[What is expected]:
Go to the line below that contains "80 Free Parrot". From there to the end of the records, reproduce each line exactly, except the pictures.

== Segment start ==

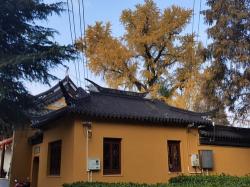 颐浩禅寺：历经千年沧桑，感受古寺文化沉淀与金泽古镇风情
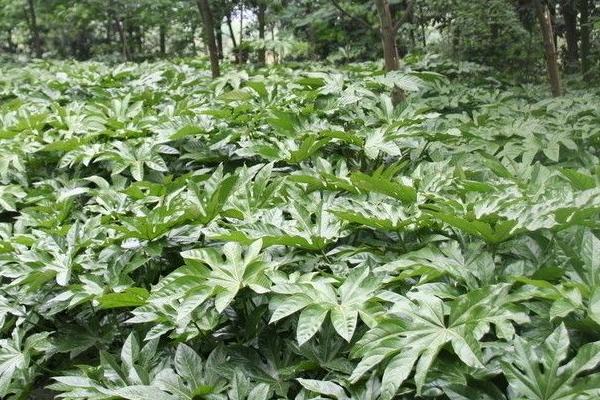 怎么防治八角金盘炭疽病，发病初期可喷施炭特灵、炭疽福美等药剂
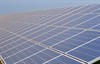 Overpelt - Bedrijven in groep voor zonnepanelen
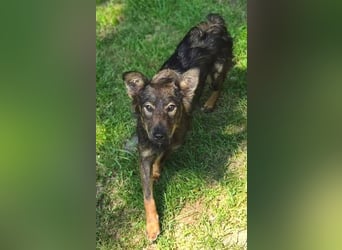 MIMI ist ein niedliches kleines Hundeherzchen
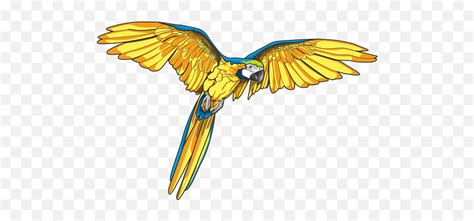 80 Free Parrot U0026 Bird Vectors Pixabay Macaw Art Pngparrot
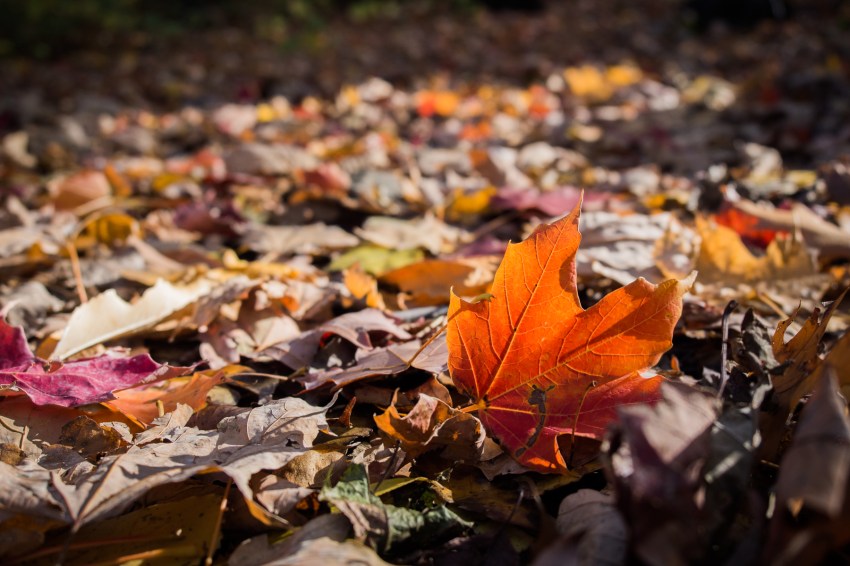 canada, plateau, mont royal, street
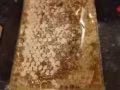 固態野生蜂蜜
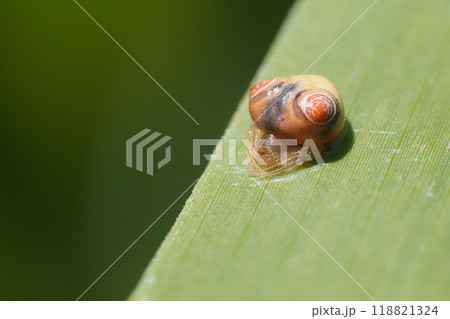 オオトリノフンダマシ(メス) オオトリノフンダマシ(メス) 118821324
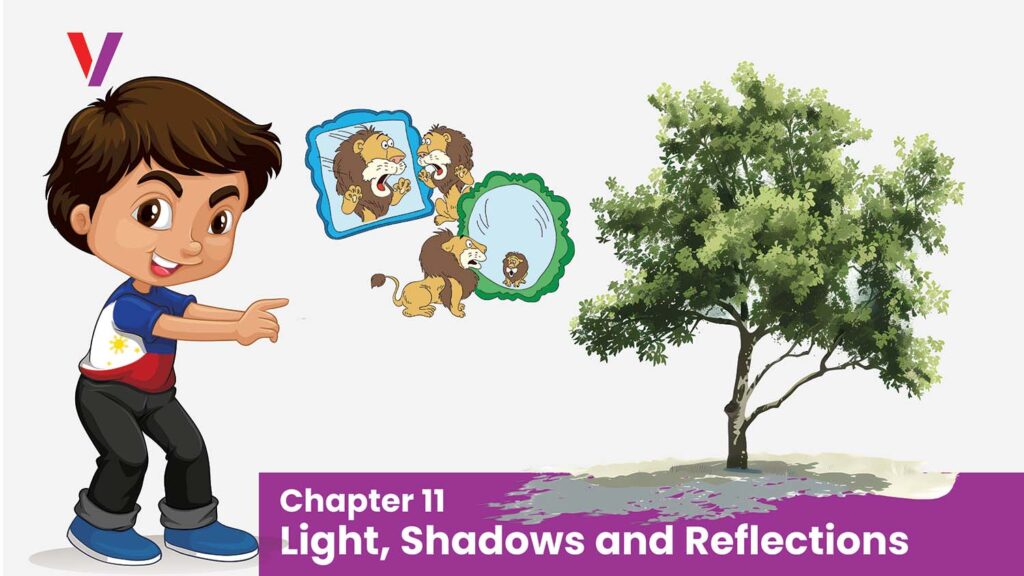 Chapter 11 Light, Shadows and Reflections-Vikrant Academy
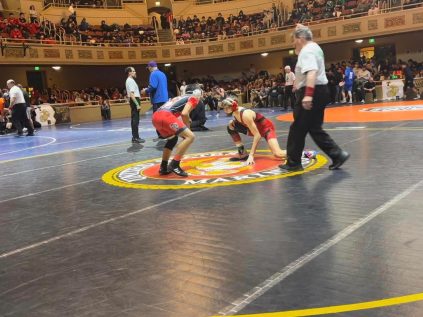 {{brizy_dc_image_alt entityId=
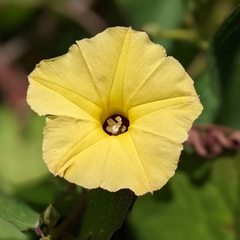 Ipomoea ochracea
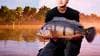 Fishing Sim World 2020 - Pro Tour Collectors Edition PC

== Segment end ==

[Answer area]:
 80 Free Parrot U0026 Bird Vectors Pixabay Macaw Art Pngparrot
 canada, plateau, mont royal, street
 固態野生蜂蜜
 オオトリノフンダマシ(メス) オオトリノフンダマシ(メス) 118821324
 Chapter 11 Light, Shadows and Reflections-Vikrant Academy
 {{brizy_dc_image_alt entityId=
 Ipomoea ochracea
 Fishing Sim World 2020 - Pro Tour Collectors Edition PC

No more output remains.